Compacted aggregate-clay mixtures are successfully used as the core of embankment dams. These materials are usually broadly graded and encompass clay as the main body, and sand, gravel, cobble and even boulder which are floating in the clay matrix. The objective of this paper is to develop a mathematical model for predicting the cyclic deformation properties of aggregate-clay mixtures tested previously by Jafari and Shafiee (2004). A mathematical modeling, which has been shown to have some degree of success, is based on the data alone to determine the structure and parameters of the model. The technique is known as artificial neural networks (ANNs) and is well suited to model complex problems where the relationship between the model variables is unknown. A neural network is a massively parallel distributed processor made up of simple processing units, which has a natural propensity for storing experiential knowledge and making it available for use.
Over the last few years, the use of artificial neural networks (ANNs) has increased in many areas of engineering.
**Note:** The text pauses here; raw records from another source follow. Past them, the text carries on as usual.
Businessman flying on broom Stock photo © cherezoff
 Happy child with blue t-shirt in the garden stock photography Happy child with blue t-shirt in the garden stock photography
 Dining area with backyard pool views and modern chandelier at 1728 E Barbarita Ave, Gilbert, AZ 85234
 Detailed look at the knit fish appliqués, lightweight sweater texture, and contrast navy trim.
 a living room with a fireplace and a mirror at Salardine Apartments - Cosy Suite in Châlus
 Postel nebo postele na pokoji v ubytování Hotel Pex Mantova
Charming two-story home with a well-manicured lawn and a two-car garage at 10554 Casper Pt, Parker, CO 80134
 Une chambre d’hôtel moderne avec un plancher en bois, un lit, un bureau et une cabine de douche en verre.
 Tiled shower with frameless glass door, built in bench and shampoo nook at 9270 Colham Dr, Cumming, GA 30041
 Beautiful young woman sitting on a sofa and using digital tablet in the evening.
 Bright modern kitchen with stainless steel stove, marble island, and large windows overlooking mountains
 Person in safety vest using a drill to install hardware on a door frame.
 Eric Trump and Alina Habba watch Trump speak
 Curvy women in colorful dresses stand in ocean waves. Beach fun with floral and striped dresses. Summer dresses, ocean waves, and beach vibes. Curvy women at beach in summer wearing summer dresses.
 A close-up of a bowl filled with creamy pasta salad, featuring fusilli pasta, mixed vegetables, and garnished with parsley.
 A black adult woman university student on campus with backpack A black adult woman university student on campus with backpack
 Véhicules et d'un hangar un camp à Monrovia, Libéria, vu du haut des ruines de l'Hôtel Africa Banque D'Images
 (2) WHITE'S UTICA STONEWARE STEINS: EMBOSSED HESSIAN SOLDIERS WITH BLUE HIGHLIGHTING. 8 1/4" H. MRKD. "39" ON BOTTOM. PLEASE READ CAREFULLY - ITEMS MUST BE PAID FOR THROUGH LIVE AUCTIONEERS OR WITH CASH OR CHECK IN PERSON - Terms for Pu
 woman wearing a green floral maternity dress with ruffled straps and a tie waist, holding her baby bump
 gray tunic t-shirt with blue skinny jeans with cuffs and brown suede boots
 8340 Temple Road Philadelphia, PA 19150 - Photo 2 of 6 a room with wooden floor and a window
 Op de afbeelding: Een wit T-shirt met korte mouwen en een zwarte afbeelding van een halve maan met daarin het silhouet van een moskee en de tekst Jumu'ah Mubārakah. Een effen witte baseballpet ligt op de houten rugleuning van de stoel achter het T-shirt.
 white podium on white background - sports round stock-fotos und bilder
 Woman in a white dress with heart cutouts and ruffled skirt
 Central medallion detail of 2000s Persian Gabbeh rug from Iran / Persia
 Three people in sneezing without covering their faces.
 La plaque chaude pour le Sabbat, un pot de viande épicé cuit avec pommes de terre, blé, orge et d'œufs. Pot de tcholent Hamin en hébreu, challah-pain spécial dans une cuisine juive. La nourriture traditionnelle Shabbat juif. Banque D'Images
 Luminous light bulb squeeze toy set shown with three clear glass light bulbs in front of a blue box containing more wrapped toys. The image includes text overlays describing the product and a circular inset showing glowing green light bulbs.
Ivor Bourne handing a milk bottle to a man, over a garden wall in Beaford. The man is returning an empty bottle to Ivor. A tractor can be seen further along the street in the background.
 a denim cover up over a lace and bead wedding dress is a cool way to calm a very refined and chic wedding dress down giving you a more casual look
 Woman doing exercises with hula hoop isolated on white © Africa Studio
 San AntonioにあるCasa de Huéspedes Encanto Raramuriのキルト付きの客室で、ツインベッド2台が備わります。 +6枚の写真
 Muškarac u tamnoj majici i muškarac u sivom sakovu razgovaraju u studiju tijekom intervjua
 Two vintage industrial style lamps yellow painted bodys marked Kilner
In particular, ANNs have been applied to many geotechnical engineering problems and have demonstrated some degree of success. A review of the literature reveals that ANNs has been used successfully in pile capacity prediction, modeling soil behavior, liquefaction, etc. In this paper two MLP models with different architectures are utilized for predicting damping ratio, shear modulus and pore pressure of aggregate-clay mixtures. The reliability of the models is tested using cross validation technique. The data used for training the networks is based on the laboratory tests for determining the dynamic properties of aggregate-clay mixtures. Finally the importance of each input parameter is determined using Garson’s approach.